_Problem_
Quote exactly and only this range of lines in the data below: the line that holds "Lot 61 - CHAMPION" to the line that holds "Vektör altıgen örtüşmeleri", both included.

_Record set_
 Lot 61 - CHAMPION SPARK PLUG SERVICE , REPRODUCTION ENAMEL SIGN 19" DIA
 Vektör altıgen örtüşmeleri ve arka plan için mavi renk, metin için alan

---

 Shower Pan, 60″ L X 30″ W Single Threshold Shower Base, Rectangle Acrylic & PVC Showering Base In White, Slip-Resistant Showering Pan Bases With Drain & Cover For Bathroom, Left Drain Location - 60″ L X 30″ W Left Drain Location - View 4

_Output for this exercise_
 Lot 61 - CHAMPION SPARK PLUG SERVICE , REPRODUCTION ENAMEL SIGN 19" DIA
 Vektör altıgen örtüşmeleri ve arka plan için mavi renk, metin için alan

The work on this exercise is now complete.